Give back exactly the lines from the one that includes "Parking | Driveway" to the last line below, both included, and no further lines.

Data records:
● ● ●

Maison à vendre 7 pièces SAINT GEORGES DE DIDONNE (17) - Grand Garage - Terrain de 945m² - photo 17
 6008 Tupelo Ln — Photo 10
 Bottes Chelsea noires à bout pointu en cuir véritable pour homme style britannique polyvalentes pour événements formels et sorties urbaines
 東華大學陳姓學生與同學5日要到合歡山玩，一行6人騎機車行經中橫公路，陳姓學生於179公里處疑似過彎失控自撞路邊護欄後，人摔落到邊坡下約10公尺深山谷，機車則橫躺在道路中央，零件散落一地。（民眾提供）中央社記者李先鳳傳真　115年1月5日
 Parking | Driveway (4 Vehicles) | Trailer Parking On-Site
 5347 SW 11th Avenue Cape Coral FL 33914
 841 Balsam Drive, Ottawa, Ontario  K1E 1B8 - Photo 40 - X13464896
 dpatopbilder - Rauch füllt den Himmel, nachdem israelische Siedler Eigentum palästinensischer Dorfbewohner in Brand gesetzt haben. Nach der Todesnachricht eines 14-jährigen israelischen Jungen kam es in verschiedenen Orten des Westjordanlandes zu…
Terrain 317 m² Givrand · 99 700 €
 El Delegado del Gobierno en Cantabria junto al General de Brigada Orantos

● ● ●

» **RESULT OF THE EXERCISE**
 Parking | Driveway (4 Vehicles) | Trailer Parking On-Site
 5347 SW 11th Avenue Cape Coral FL 33914
 841 Balsam Drive, Ottawa, Ontario  K1E 1B8 - Photo 40 - X13464896
 dpatopbilder - Rauch füllt den Himmel, nachdem israelische Siedler Eigentum palästinensischer Dorfbewohner in Brand gesetzt haben. Nach der Todesnachricht eines 14-jährigen israelischen Jungen kam es in verschiedenen Orten des Westjordanlandes zu…
Terrain 317 m² Givrand · 99 700 €
 El Delegado del Gobierno en Cantabria junto al General de Brigada Orantos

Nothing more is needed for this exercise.